Principle:Wandb Weave Dataset Preparation
| Knowledge Sources | |
|---|---|
| Domains | Data_Engineering, Evaluation |
| Last Updated | 2026-02-14 00:00 GMT |
Overview
A data structuring pattern that organizes evaluation examples into a versioned, iterable collection with schema consistency.
Description
Dataset Preparation transforms raw data (lists of dicts, DataFrames, HuggingFace datasets) into a standardized, versioned collection suitable for systematic evaluation. The prepared dataset enforces consistent column schemas across rows, supports iteration and indexing, and integrates with the versioning system for reproducible experiments.
Usage
Use this principle when assembling test examples for model evaluation.
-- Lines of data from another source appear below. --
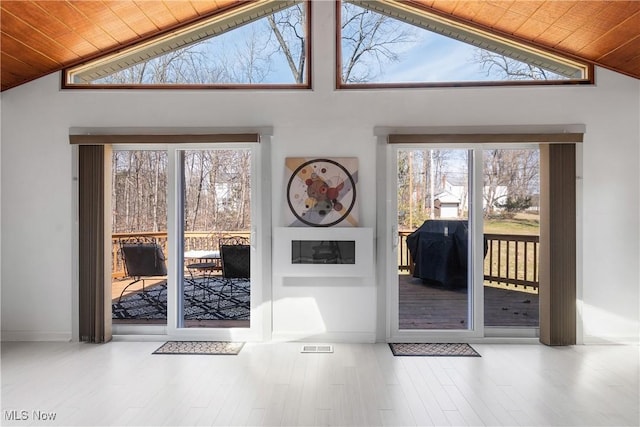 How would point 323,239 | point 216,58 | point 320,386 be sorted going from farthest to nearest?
point 216,58 → point 323,239 → point 320,386

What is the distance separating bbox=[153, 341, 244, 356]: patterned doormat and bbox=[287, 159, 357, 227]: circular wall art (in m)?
1.34

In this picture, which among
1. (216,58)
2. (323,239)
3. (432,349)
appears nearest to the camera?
(432,349)

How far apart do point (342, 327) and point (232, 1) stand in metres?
3.28

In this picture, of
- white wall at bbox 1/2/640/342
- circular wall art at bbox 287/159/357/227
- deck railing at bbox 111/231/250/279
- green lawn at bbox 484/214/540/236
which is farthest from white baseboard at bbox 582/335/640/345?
deck railing at bbox 111/231/250/279

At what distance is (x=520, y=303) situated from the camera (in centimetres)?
384

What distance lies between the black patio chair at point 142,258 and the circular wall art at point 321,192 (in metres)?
1.43

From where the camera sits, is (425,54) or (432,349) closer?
(432,349)

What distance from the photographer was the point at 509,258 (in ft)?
12.7

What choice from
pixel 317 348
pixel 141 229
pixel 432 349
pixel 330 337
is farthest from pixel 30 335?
pixel 432 349

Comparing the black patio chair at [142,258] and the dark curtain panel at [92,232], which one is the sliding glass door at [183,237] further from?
the dark curtain panel at [92,232]

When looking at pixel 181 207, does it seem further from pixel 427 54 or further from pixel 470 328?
pixel 470 328

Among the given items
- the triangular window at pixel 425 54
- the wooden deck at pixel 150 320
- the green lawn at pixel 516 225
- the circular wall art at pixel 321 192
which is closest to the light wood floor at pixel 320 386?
the wooden deck at pixel 150 320

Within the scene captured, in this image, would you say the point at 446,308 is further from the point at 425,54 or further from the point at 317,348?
the point at 425,54

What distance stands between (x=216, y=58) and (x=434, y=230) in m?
2.76
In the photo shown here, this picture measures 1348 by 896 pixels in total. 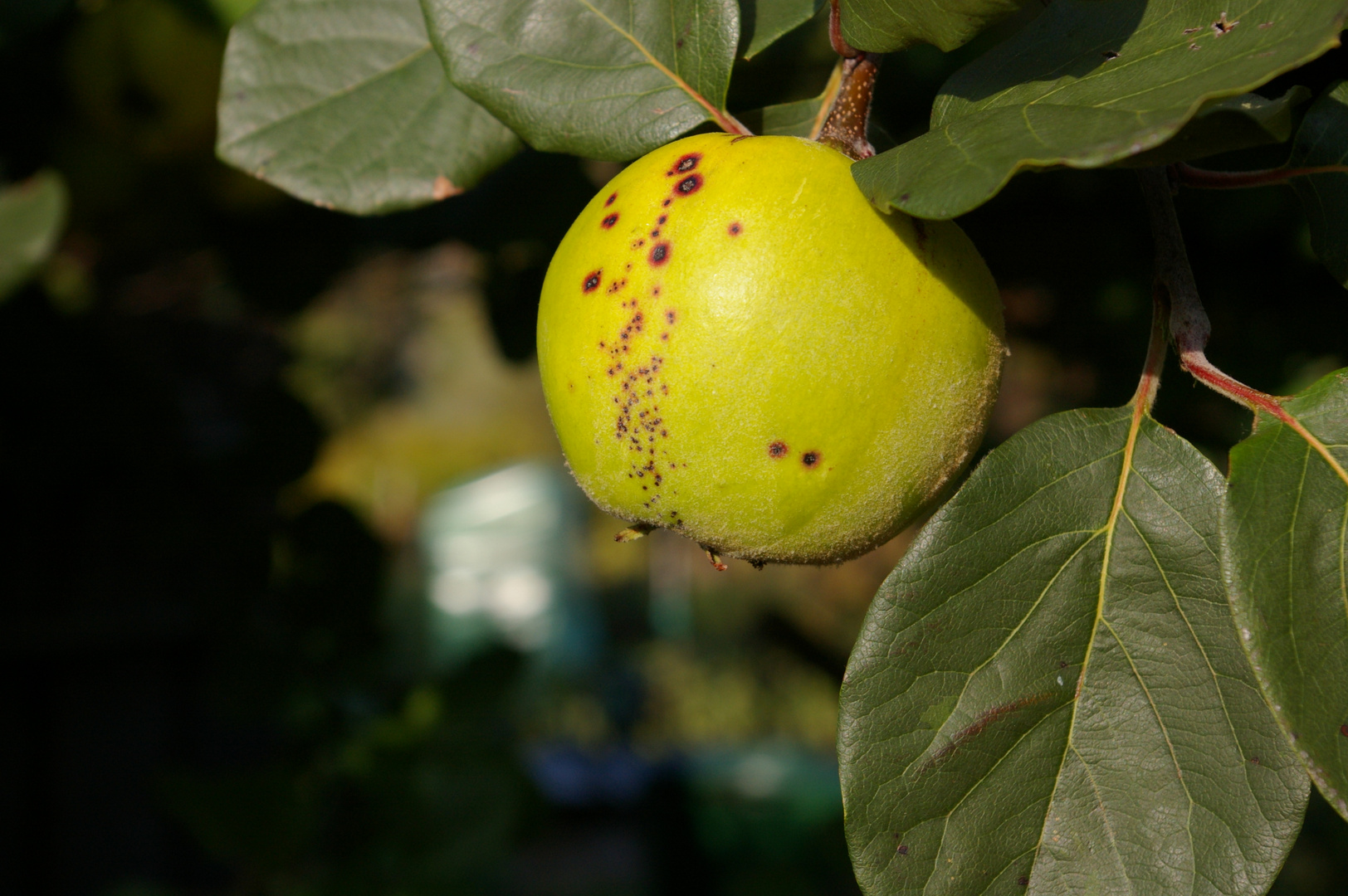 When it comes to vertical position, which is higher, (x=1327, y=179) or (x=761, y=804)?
(x=1327, y=179)

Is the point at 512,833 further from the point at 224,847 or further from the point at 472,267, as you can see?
the point at 472,267

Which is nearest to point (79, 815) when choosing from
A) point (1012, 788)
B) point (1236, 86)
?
point (1012, 788)

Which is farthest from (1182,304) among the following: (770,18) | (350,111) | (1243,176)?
(350,111)

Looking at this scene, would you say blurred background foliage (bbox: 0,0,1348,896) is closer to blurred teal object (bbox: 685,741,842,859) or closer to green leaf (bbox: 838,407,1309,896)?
blurred teal object (bbox: 685,741,842,859)

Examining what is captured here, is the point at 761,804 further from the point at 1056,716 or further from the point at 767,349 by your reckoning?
the point at 767,349

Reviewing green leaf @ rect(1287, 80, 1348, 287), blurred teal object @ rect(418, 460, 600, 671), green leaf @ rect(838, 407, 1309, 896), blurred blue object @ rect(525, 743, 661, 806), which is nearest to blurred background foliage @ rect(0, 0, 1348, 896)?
green leaf @ rect(1287, 80, 1348, 287)

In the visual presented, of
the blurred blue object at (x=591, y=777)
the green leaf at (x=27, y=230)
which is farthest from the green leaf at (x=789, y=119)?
the blurred blue object at (x=591, y=777)

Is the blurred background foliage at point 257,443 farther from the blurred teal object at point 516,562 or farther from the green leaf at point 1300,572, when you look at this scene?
the blurred teal object at point 516,562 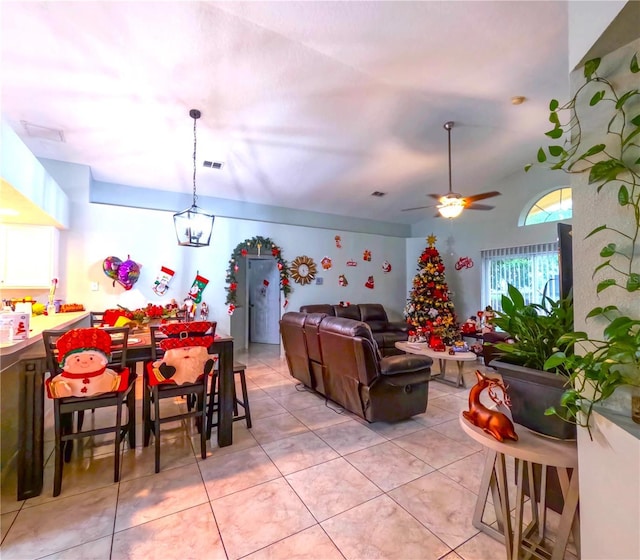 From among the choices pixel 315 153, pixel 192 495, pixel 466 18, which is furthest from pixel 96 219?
pixel 466 18

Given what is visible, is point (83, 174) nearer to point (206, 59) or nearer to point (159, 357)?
point (206, 59)

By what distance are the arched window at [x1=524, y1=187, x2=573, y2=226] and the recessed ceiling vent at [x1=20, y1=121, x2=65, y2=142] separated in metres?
7.25

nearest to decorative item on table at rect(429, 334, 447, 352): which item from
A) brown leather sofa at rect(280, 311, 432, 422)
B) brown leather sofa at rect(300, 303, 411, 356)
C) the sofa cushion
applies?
brown leather sofa at rect(280, 311, 432, 422)

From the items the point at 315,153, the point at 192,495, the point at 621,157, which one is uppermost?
the point at 315,153

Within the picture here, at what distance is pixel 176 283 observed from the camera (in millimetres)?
4977

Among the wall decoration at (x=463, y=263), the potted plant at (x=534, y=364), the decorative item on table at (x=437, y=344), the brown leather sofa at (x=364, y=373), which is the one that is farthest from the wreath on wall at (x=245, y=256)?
the potted plant at (x=534, y=364)

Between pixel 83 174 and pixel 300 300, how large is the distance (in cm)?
399

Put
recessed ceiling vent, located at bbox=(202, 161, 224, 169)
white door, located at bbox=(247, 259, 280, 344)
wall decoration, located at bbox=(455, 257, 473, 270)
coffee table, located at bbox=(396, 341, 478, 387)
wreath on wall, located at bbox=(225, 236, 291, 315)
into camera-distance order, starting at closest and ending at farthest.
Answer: coffee table, located at bbox=(396, 341, 478, 387), recessed ceiling vent, located at bbox=(202, 161, 224, 169), wreath on wall, located at bbox=(225, 236, 291, 315), wall decoration, located at bbox=(455, 257, 473, 270), white door, located at bbox=(247, 259, 280, 344)

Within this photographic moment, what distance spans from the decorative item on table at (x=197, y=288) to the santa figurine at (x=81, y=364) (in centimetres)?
311

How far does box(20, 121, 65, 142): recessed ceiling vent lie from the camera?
3381mm

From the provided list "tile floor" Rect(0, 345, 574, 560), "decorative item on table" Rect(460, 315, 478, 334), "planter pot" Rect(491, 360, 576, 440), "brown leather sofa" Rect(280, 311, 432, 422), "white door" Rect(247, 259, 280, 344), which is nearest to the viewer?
"planter pot" Rect(491, 360, 576, 440)

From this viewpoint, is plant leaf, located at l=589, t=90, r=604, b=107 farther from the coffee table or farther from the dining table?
the coffee table

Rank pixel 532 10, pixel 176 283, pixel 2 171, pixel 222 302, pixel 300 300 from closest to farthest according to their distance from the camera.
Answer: pixel 2 171 < pixel 532 10 < pixel 176 283 < pixel 222 302 < pixel 300 300

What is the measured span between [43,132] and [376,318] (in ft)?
19.3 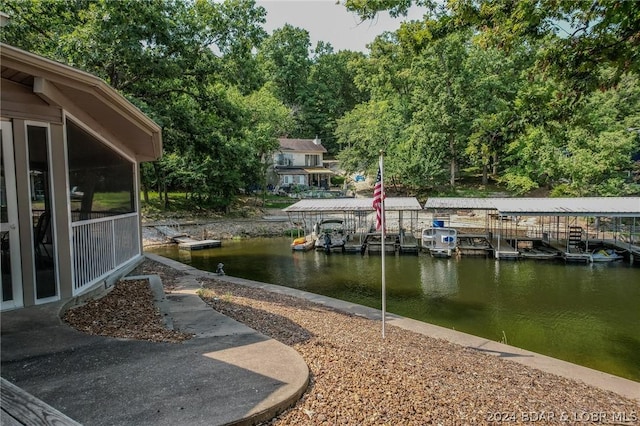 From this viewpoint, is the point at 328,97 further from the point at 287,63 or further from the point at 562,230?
the point at 562,230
The dataset defines the ground truth that models are evaluated against and must be prepared before running any evaluation pipeline.
Theoretical Basis
Evaluation datasets follow the tabular data model:
- Schema Definition: Each row is a dictionary with consistent keys (columns).
- Type Coercion: Input data from various sources is normalized to a common internal representation (Table).
- Versioning: Content-addressable storage ensures datasets are immutable once published.
- Iteration: The dataset supports sequential access for batch evaluation.
A well-prepared dataset separates input features (passed to the model) from ground truth labels (passed to scorers), enabling clean model-scorer composition.